» Exercise details: Repeat the entries exactly, and do not carry the pictures over.

» Data for the task:
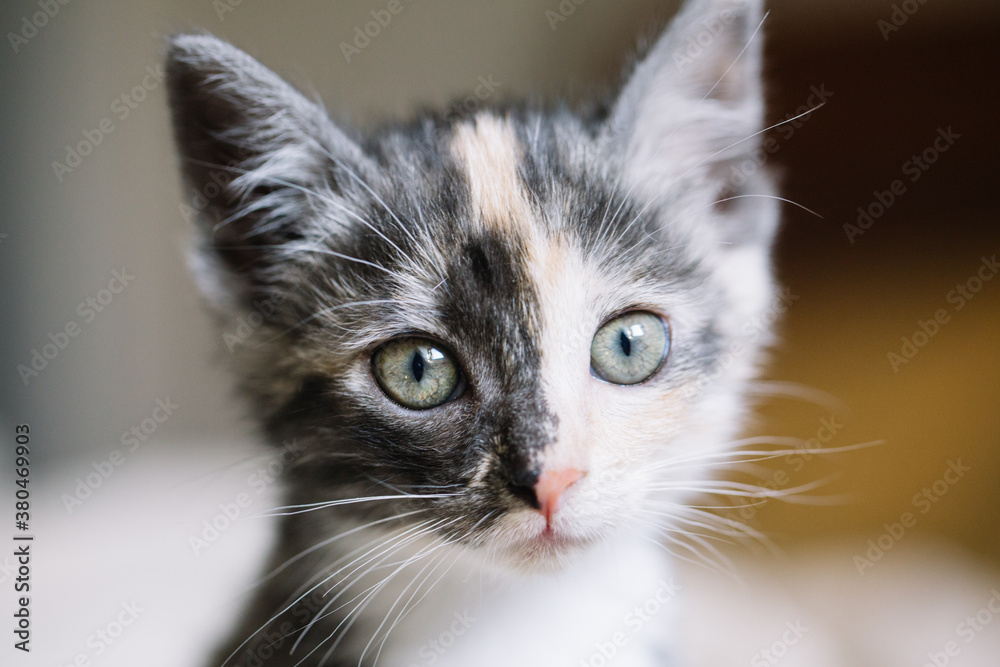 Portrait of a little cat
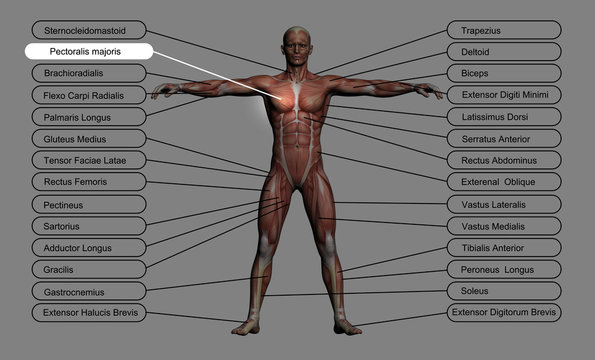 Pectoralis mayoris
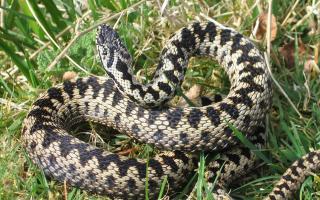 Forest Veterinary Clinic issue warning to dog walkers after three adder bites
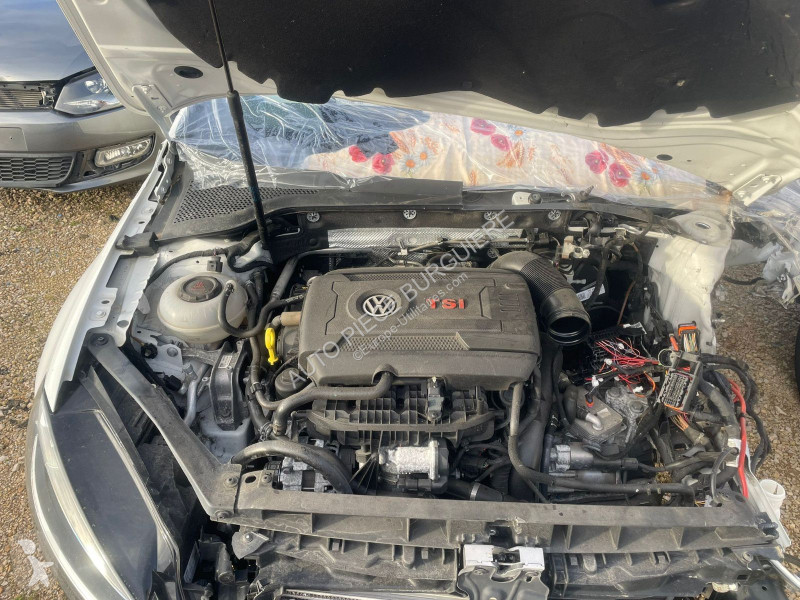 Véhicule utilitaire Volkswagen VII 2.0 GTi 245...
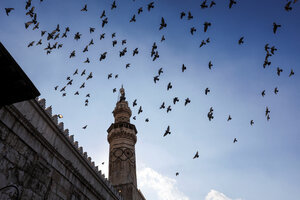 Vogelschwarm über der Umayyaden-Moschee - zu erkennen ist das Minarett und der obere Teil des Gebäudes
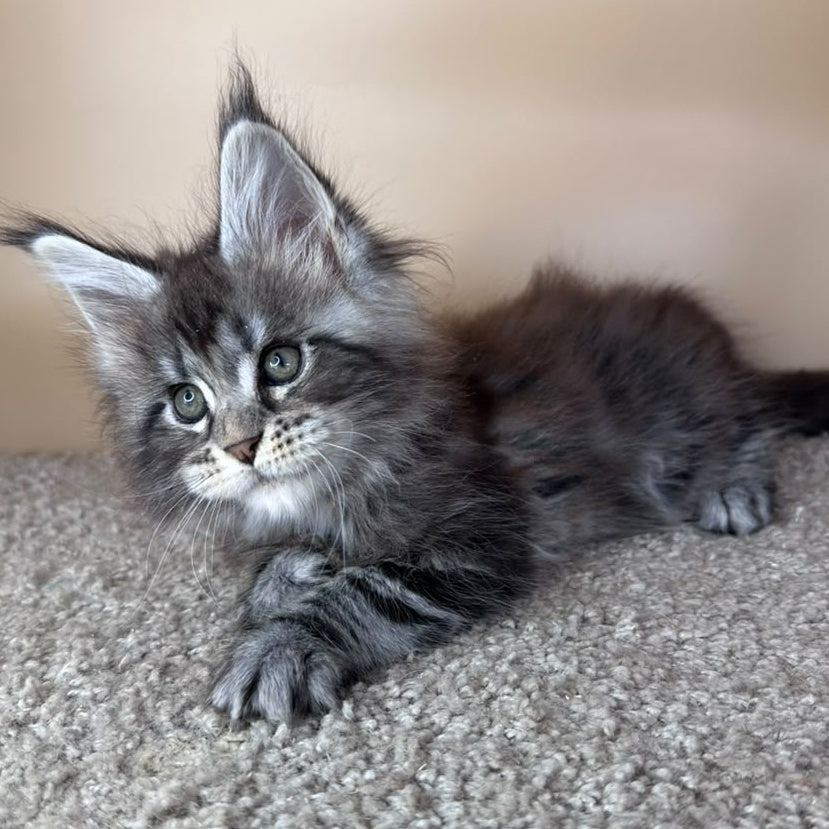 Denis Maine Coon male, black silver tabby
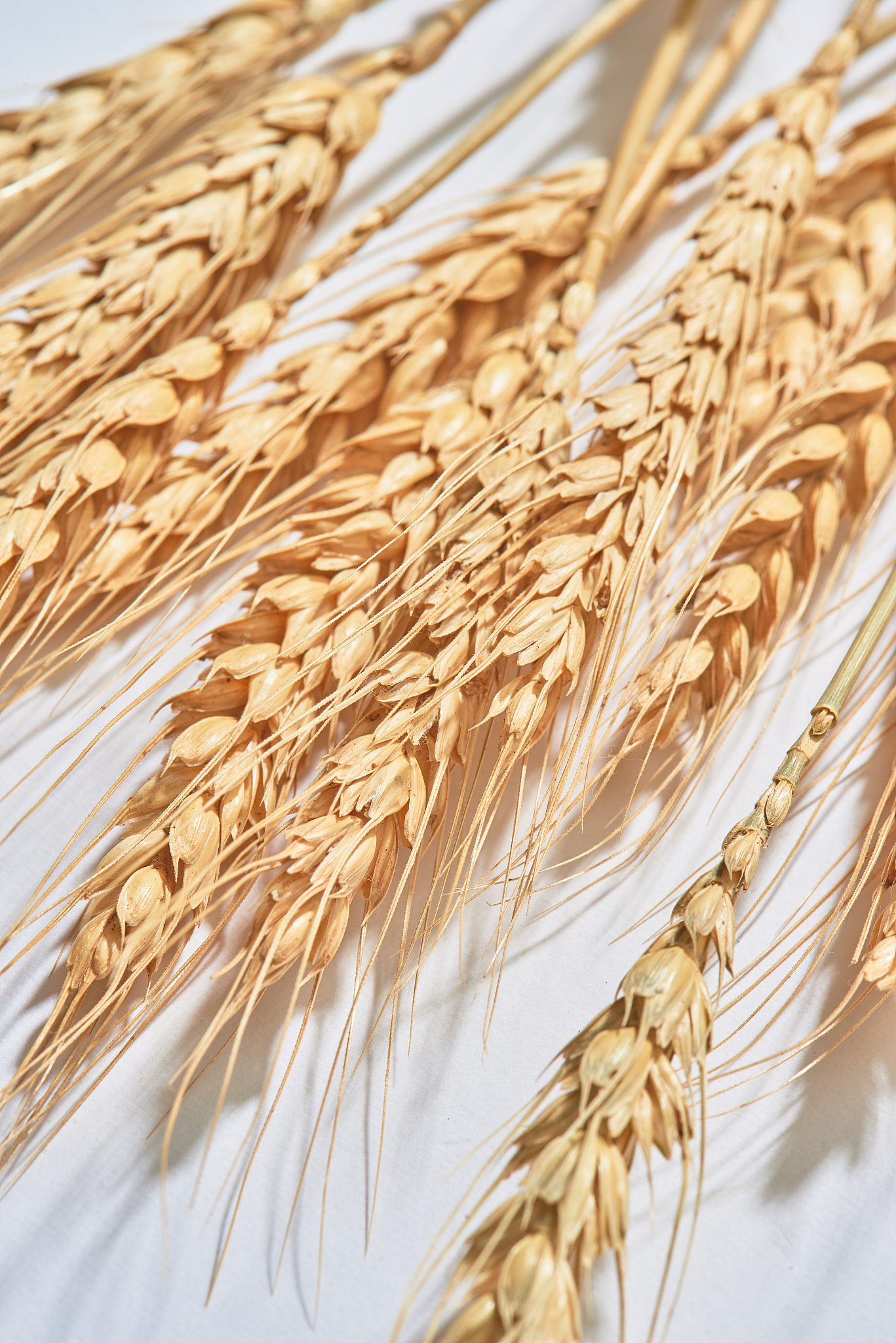 美国小麦品种多样性百年增长：科学选择的成果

» Exercise answer:
 Portrait of a little cat
 Pectoralis mayoris
 Forest Veterinary Clinic issue warning to dog walkers after three adder bites
 Véhicule utilitaire Volkswagen VII 2.0 GTi 245...
 Vogelschwarm über der Umayyaden-Moschee - zu erkennen ist das Minarett und der obere Teil des Gebäudes
 Denis Maine Coon male, black silver tabby
 美国小麦品种多样性百年增长：科学选择的成果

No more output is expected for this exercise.